- Parkhomivka Location in Ukraine Parkhomivka Parkhomivka (Kharkiv Oblast)
- Coordinates: 50°07′N 34°59′E﻿ / ﻿50.117°N 34.983°E
- Country: Ukraine
- Oblast: Kharkiv Oblast
- Raion: Bohodukhiv Raion
- Village founded: 1688

Area
- • Total: 10,716 km^{2} (4,137 sq mi)
- Elevation: 122 m (400 ft)

Population (2024)
- • Total: ▼2,685
- • Density: 343.32/km^{2} (889.2/sq mi)
- Time zone: UTC+2 (EET)
- • Summer (DST): UTC+3 (EEST)
- Postal code: 62015
- Area code: +380 5756

= Parkhomivka, Kharkiv Oblast =

Rural locality in Kharkiv Oblast, Ukraine

Parkhomivka (Пархомівка) is a village in Bohodukhiv Raion, Kharkiv Oblast, Ukraine. It belongs to Krasnokutsk settlement hromada, one of the hromadas of Ukraine.
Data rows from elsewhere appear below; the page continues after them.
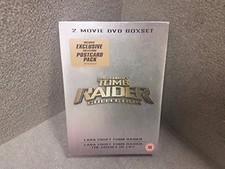Lara Croft - Tomb Raider: 2-Movie Collection [DVD] - DVD  SUVG The Cheap Fast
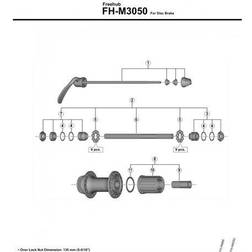 Shimano Kona, Lock Nut Unit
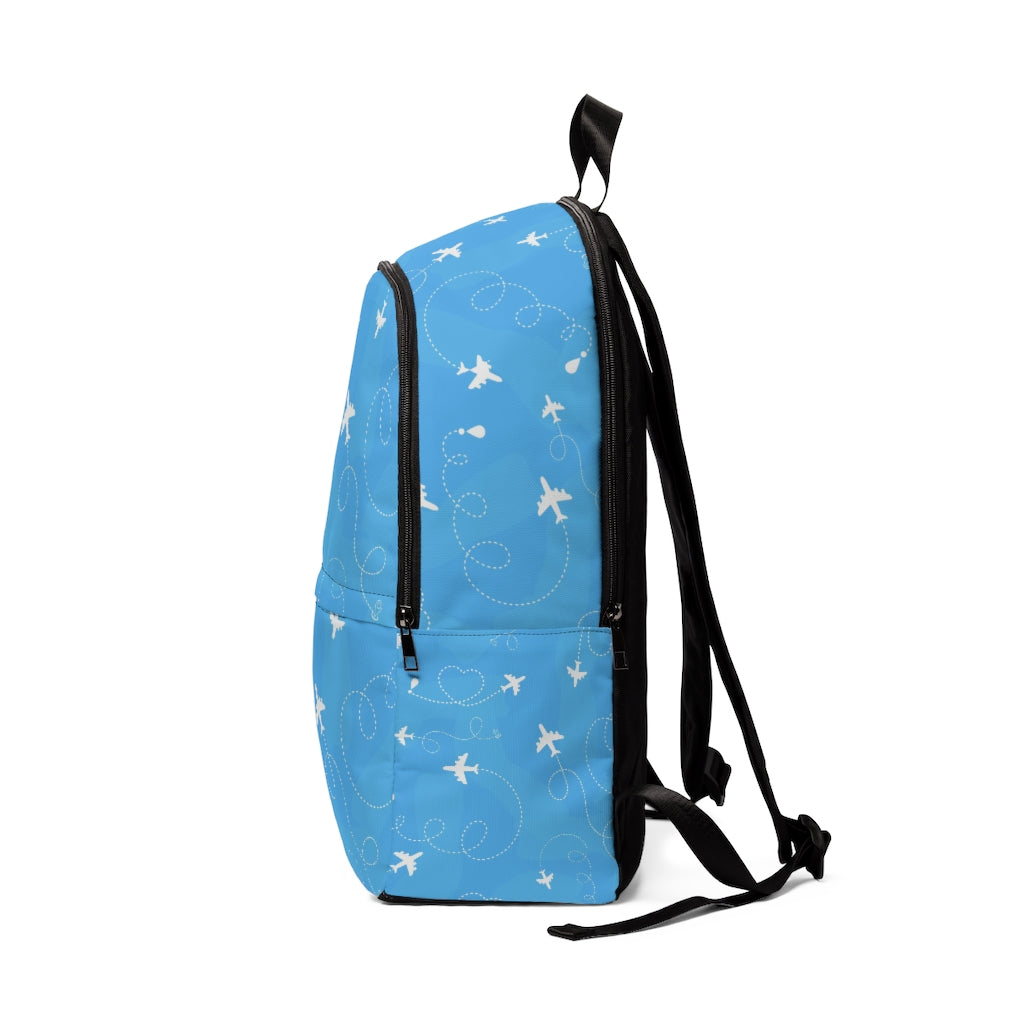 Aircraft  Design Backpack Printify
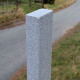 6 cm starke Granit-Pflasterplatten Elena weißgrau 60 x 30 cm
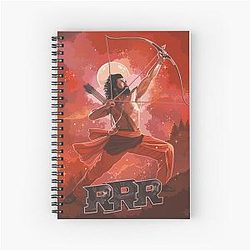 RRR - Ram Charan Notebook
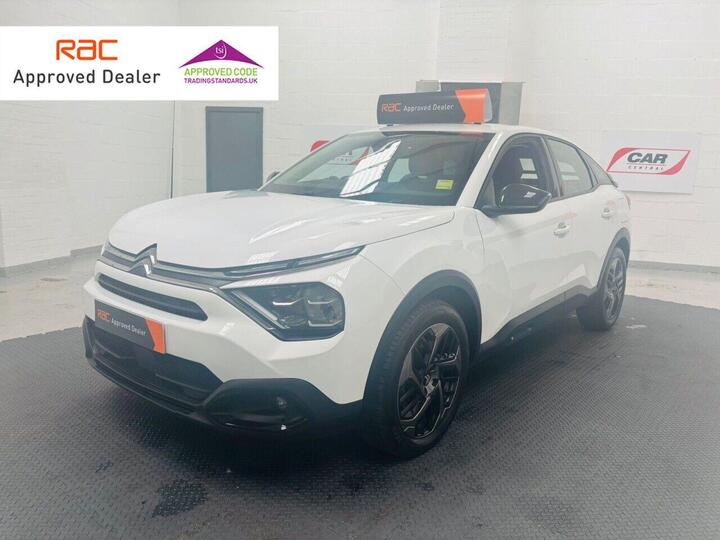 Citroen C4 1.2 PureTech PLUS EAT8 Euro 6 (s/s) 5dr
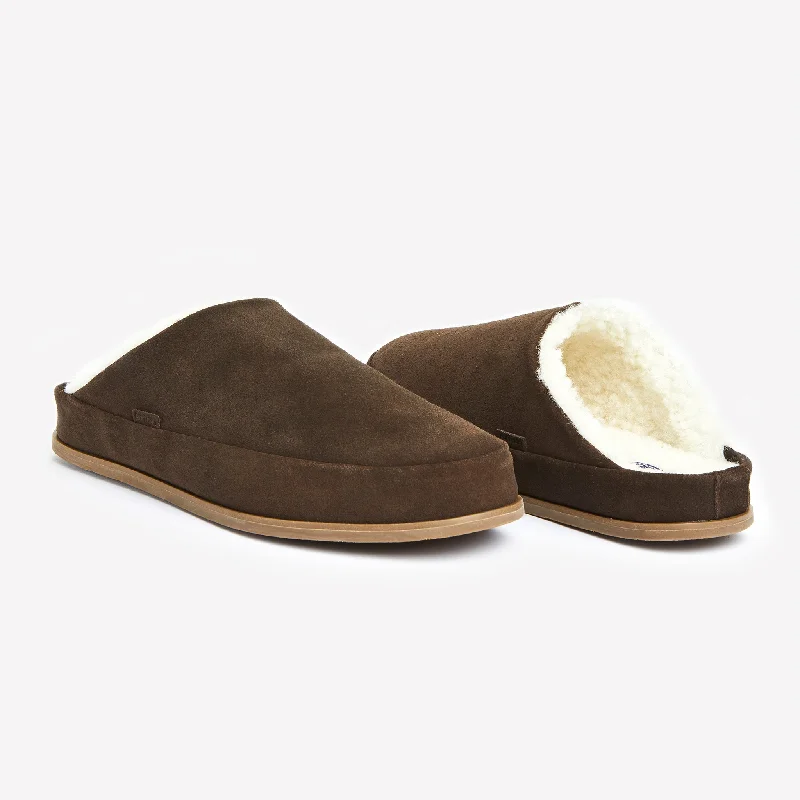 Men's slippers with a shock - absorbing midsole Men's Tio | Havana
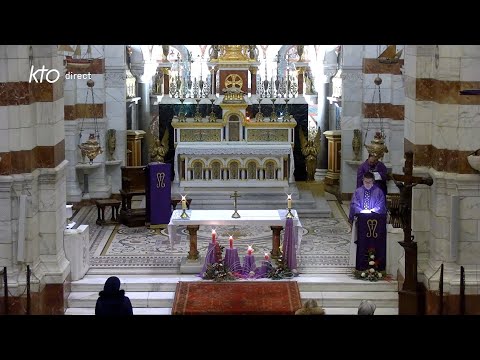 Messe à Notre-Dame de la Garde du 20 décembre 2022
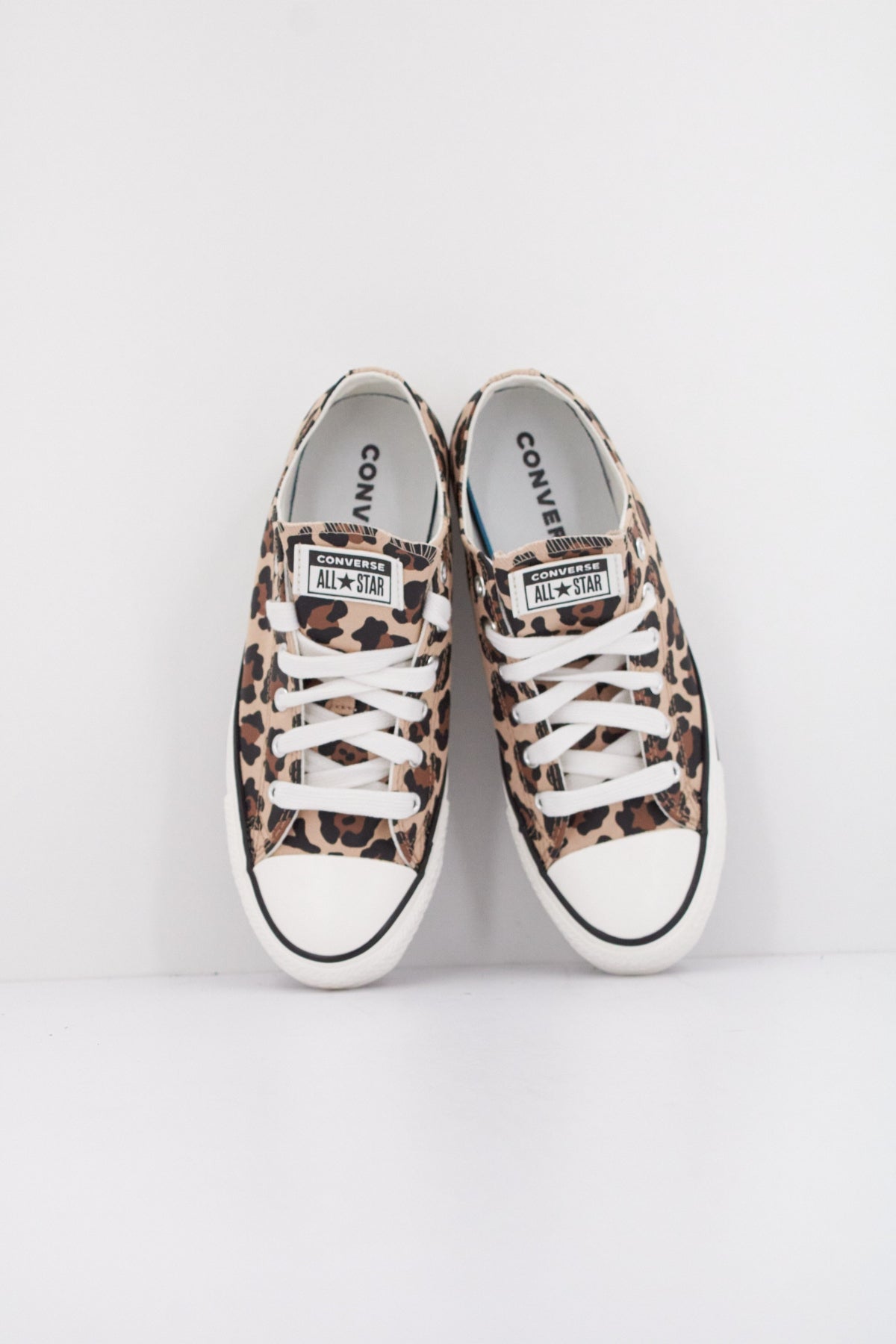 CONVERSE CHUCK TAYLOR ALL STAR OX en color ANIMAL PRINT  (3)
The village has a population of 2,685.

Despite being a small village, the local art museum displays works by Pablo Picasso and other significant artists. The museum started as a project from a local schoolteacher, who (along with his students), wrote to artists and art collectors asking for sample works for the local students to learn from.

Until 18 July 2020, Parkhomivka belonged to Krasnokutsk Raion. The raion was abolished in July 2020 as part of the administrative reform of Ukraine, which reduced the number of raions of Kharkiv Oblast to seven. The area of Krasnokutsk Raion was merged into Bohodukhiv Raion.